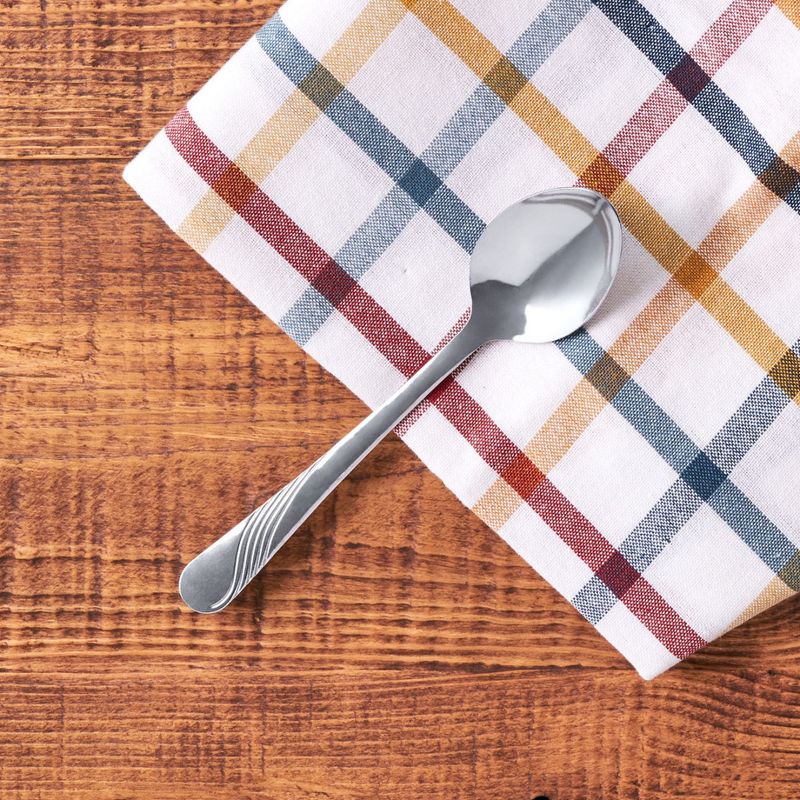 Casa si Gradina - Bucatarie si vesela - Vesela si tacamuri - Tacamuri si seturi - Lingura de masa, inox, DOMOTTI Fala - Infinity.ro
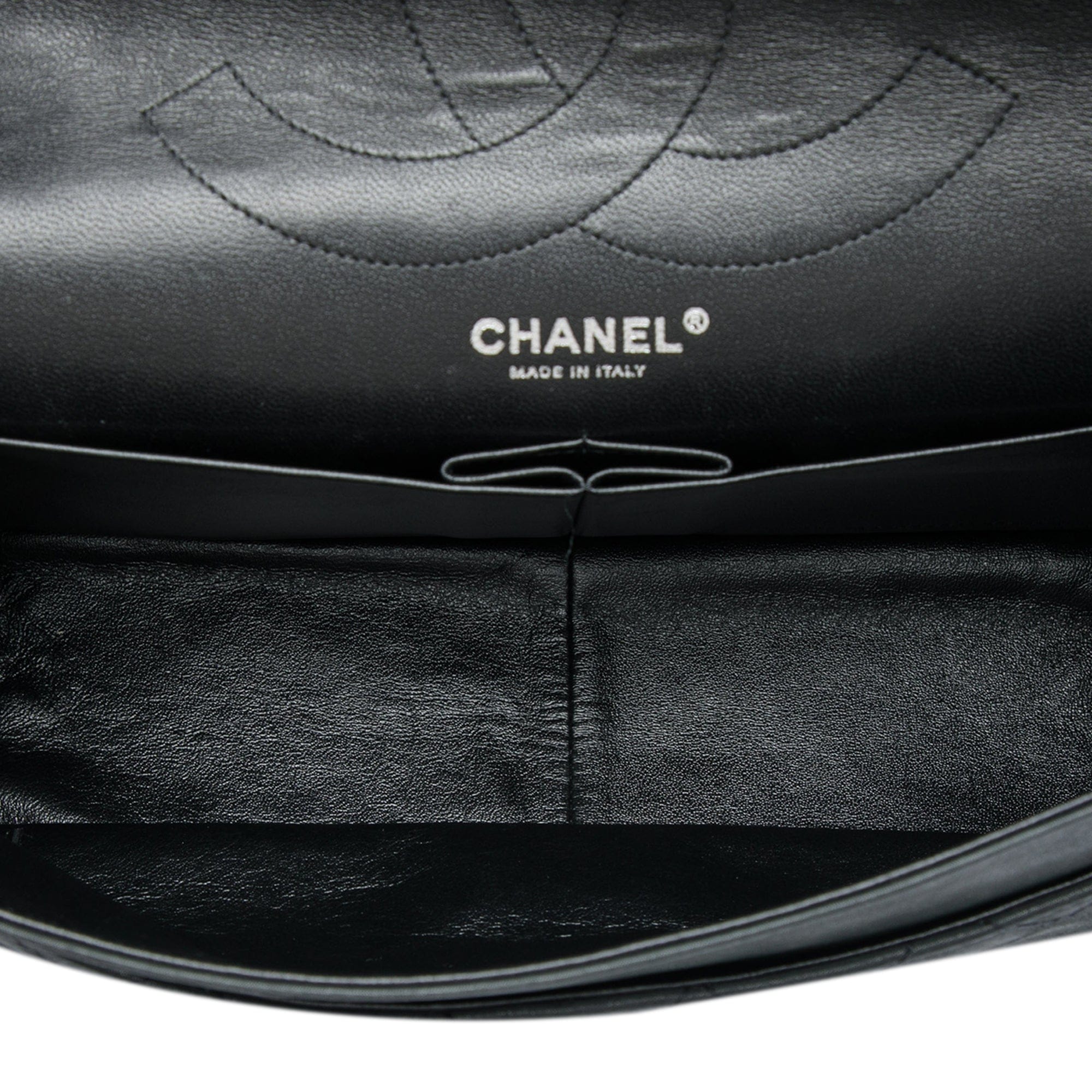 Chanel Quilted Iridescent Lambskin Reissue 2.55 Bijoux Chain Double Flap 227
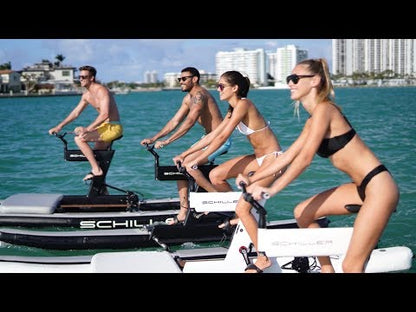 JTRDA inflatable water pedal bike set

TASK TO COMPLETE:
Go through the lines above and write each one out verbatim, skipping the pictures.

TASK RESPONSE:
 Casa si Gradina - Bucatarie si vesela - Vesela si tacamuri - Tacamuri si seturi - Lingura de masa, inox, DOMOTTI Fala - Infinity.ro
 Chanel Quilted Iridescent Lambskin Reissue 2.55 Bijoux Chain Double Flap 227
 JTRDA inflatable water pedal bike set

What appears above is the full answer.